§ What the exercise asks:
Exact copy, no pictures: restate each entry below word for word.

§ Data records:
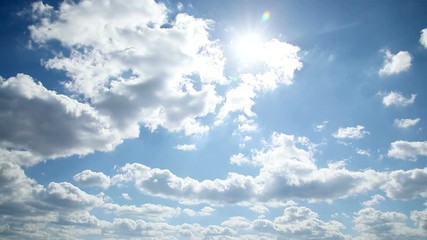 Wall Mural - the clear sky with a cloud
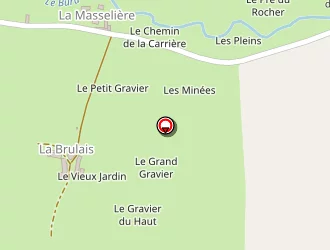 Carte de De Bergault (gaec) à Cropte (la)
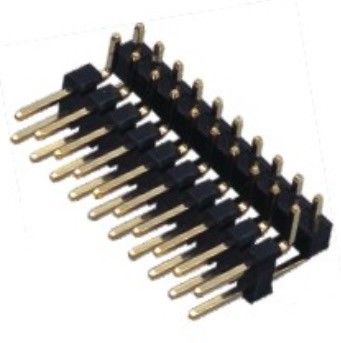 کانکتور پین هدر 2.54 میلی متری دو ردیفه R/A TYPE 2*2PIN به 2*40PIN H=2.54MM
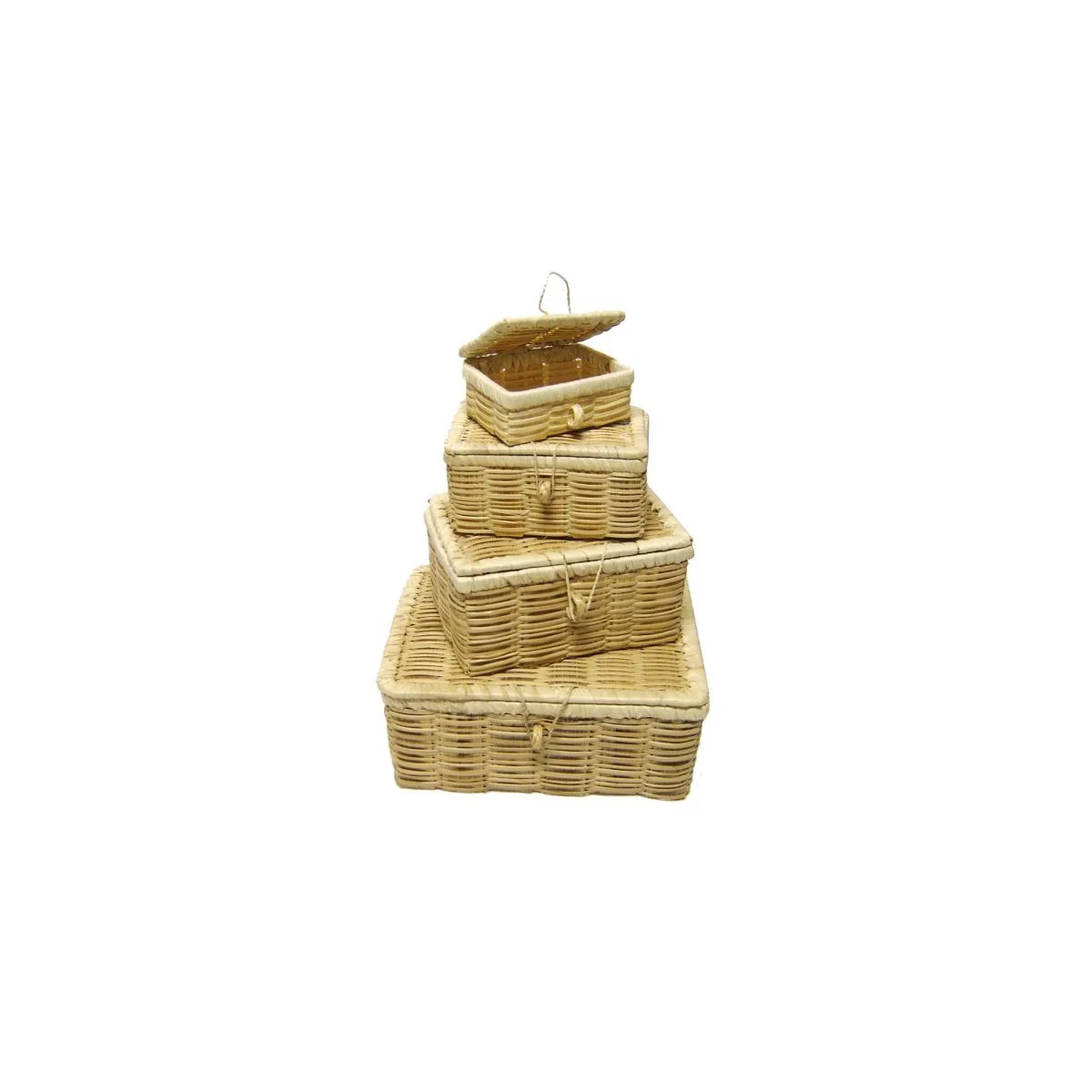 Schatulle Bambus 12 cm 1 Stück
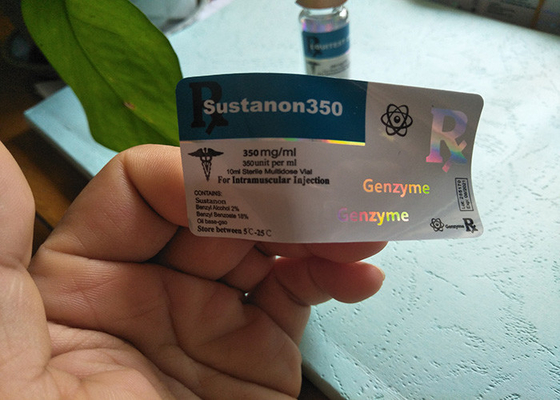 Голографические стеклянные ярлыки пробирки 10мл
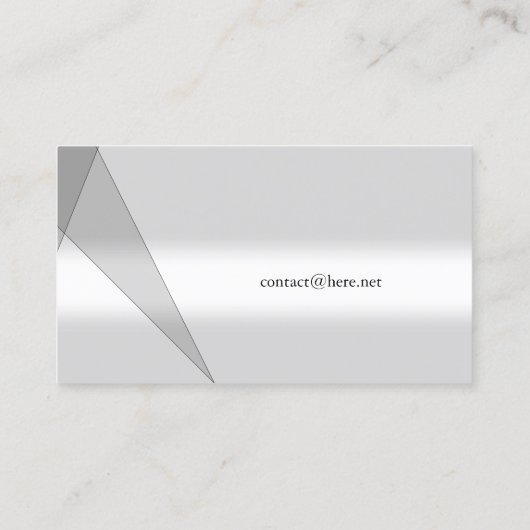 Clasy Geometric名刺 名刺 (裏面)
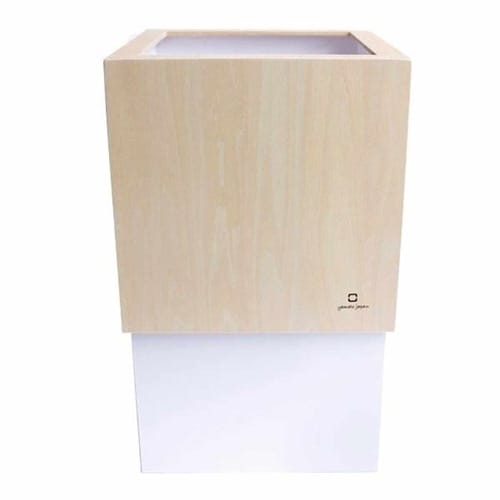 ゴミ箱 木製 10L W CUBE ホワイト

§ Finished task:
 Wall Mural - the clear sky with a cloud
 Carte de De Bergault (gaec) à Cropte (la)
 کانکتور پین هدر 2.54 میلی متری دو ردیفه R/A TYPE 2*2PIN به 2*40PIN H=2.54MM
 Schatulle Bambus 12 cm 1 Stück
 Голографические стеклянные ярлыки пробирки 10мл
 Clasy Geometric名刺 名刺 (裏面)
 ゴミ箱 木製 10L W CUBE ホワイト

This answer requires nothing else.